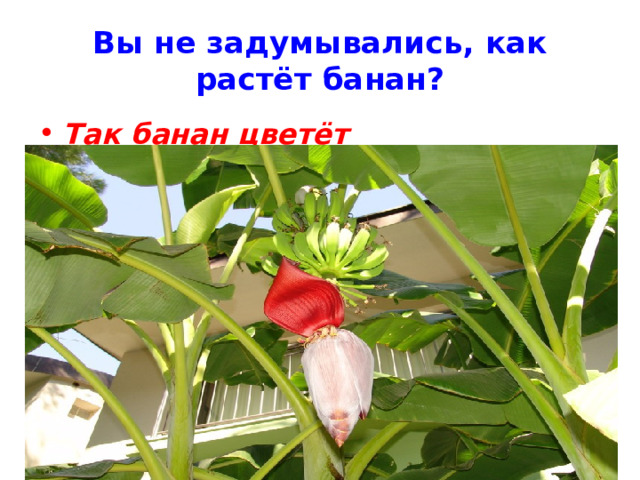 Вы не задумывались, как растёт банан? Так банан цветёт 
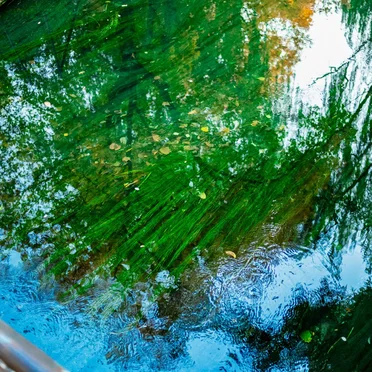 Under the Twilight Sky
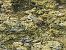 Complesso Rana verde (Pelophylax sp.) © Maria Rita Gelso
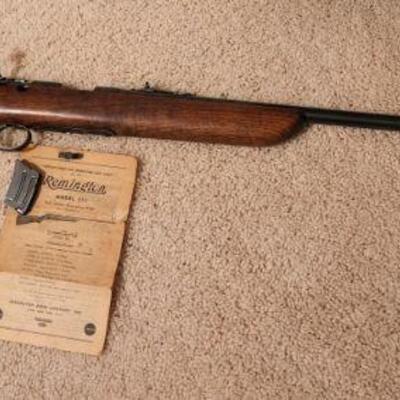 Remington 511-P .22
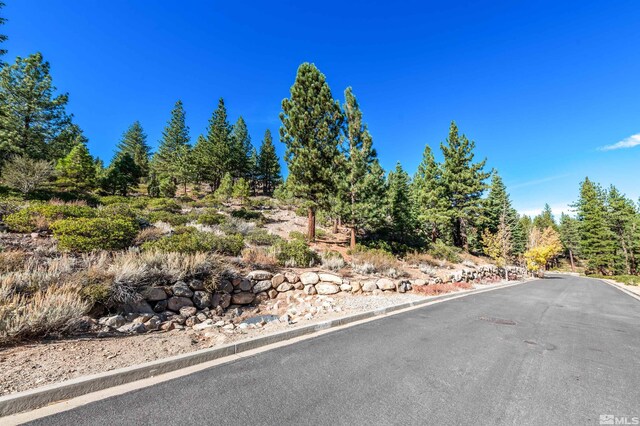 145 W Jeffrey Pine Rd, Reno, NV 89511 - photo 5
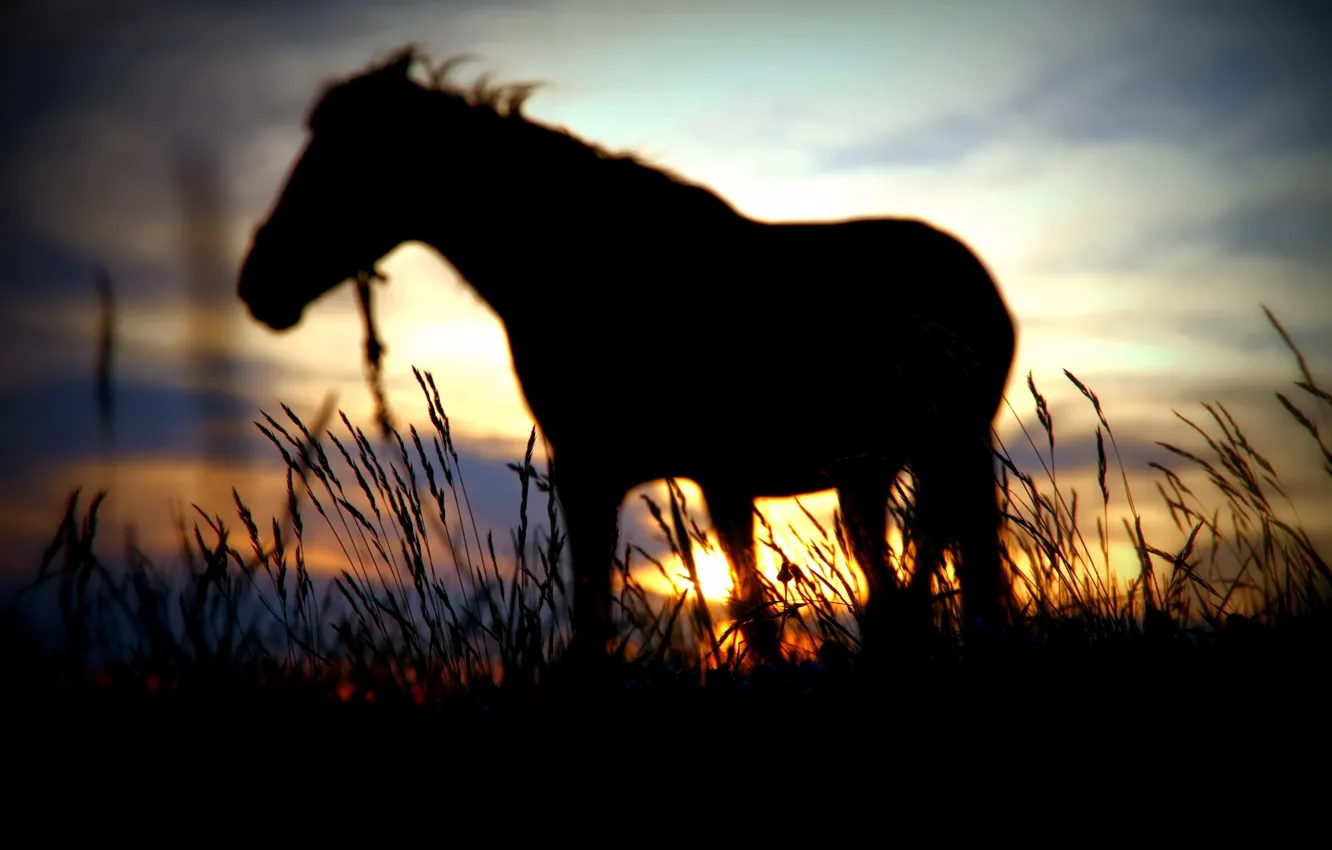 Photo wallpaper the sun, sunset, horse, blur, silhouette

____

### Directions
Each record must be returned exactly as it stands, and the images omitted.

### Answer below
 Вы не задумывались, как растёт банан? Так банан цветёт 
 Under the Twilight Sky
 Complesso Rana verde (Pelophylax sp.) © Maria Rita Gelso
 Remington 511-P .22
 145 W Jeffrey Pine Rd, Reno, NV 89511 - photo 5
 Photo wallpaper the sun, sunset, horse, blur, silhouette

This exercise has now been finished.